Batu yang biasanya diperoleh dari kali ini digunakan untuk mencegah tiang rumah cepat lapuk karena kayu tiang rumah akan cepat keropos jika bersentuhan langsung dengan tanah.
Tiang rumahnya sendiri berasal dari balok kayu berukuran besar, seperti kayu jati, mahoni, atau kayu akasia.
Perlunya menggunakan kayu yang kuat dan keras adalah agar tiang dapat menopang keseluruhan isi rumah.
Sebagai jalan masuk menuju rumah, rumah adat asli Banten ini hanya memiliki satu pintu yang menggunakan panto sebagai penutupnya.
Panto adalah sebutan masyarakat setempat untuk daun pintu yang dianyam vertikal dengan bilah-bilah bambu berukuran sebesar ibu jari.
Konon katanya, penghuni rumah tidak pernah mengunci pintunya saat bepergian ke luar.
Pada dinding rumah, digunakan material bambu yang dianyam sehingga membentuk sebuah bilik.
Cara menganyam bambu untuk bilik tersebut adalah dengan teknik saragsig, yaitu langsung dibuat tanpa adanya pengukuran terlebih dahulu.
Konon katanya, masyarakat suku Baduy memang hidup berdasarkan naluri saja.
Hal ini merupakan bentuk usaha penyesuaian diri dengan lingkungan yang ditinggalinya.
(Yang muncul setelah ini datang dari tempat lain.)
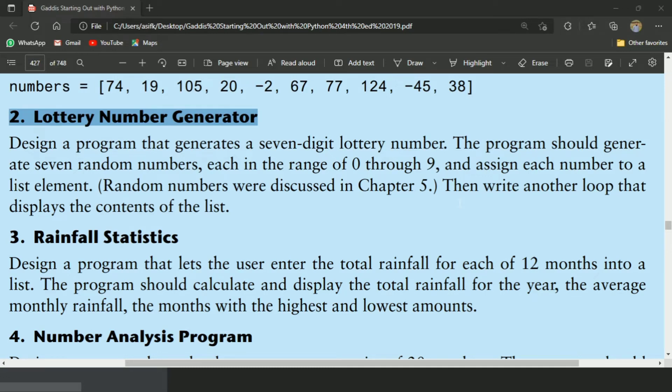Welcome guys. In this video, I will write the Python program for the second exercise of chapter 7. This is the lottery number generator program.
Penggunaan bilik memberikan kesejukan bagi penghuni rumah karena sirkulasi udara dapat dengan mudah masuk dan keluar lewat celah anyaman dan karena ini juga rumah adat Sulah Nyanda tidak memiliki jendela.
Lantainya terbuat dari bilah-bilah papan yang disusun sejajar atau bambu yang sudah dibuat menjadi datar.
Terakhir, bagian atap rumah ini menggunakan bilah bambu sebagai kerangkanya dan ijuk digunakan sebagai atap penutupnya.
E. Filosofi Rumah Adat Sulah Nyanda
Sama seperti kebanyakan rumah adat, rumah adat Sulah Nyanda asli Banten ini juga dibangun tidak semata-mata memiliki fungsi sebagai tempat tinggal.
Masyarakat suku Baduy lebih senang menganggap bahwa rumah yang mereka bangun merupakan ciri khas tersendiri yang mencerminkan kepribadian dan jati diri sang pemilik rumah.
Lalu, masyarakat suku Baduy juga sangat taat terhadap aturan adat, karena pada saat rumah akan dibangun, rumah tersebut harus dibangun mengikuti kontur tanah.
Sehingga, struktur tanah tidak rusak karena pembangunan rumah.
Hal ini berkaitan dengan aturan adat yang mengharuskan setiap masyarakat yang ingin membangun rumah tidak merusak alam sekitar demi membangun suatu bangunan.
Hal ini pula yang mengakibatkan tiang-tiang rumah adat Suku Baduy tidak memiliki ketinggian yang sama.
Nah, itu tadi penjelasan mengenai rumah adat Sulah Nyanda yang menjadi rumah adat bagi suku Baduy di Banten.
Rumah milik masyarakat suku Baduy ini membuktikan bahwa tanpa teknologi juga mereka dapat menciptakan sesuatu yang bermanfaat untuk kelangsungan hidup mereka.
Sehingga, dengan kecanggihan teknologi yang kita miliki sekarang, haruslah kita manfaatkan dengan sebaik mungkin untuk kebaikan bersama.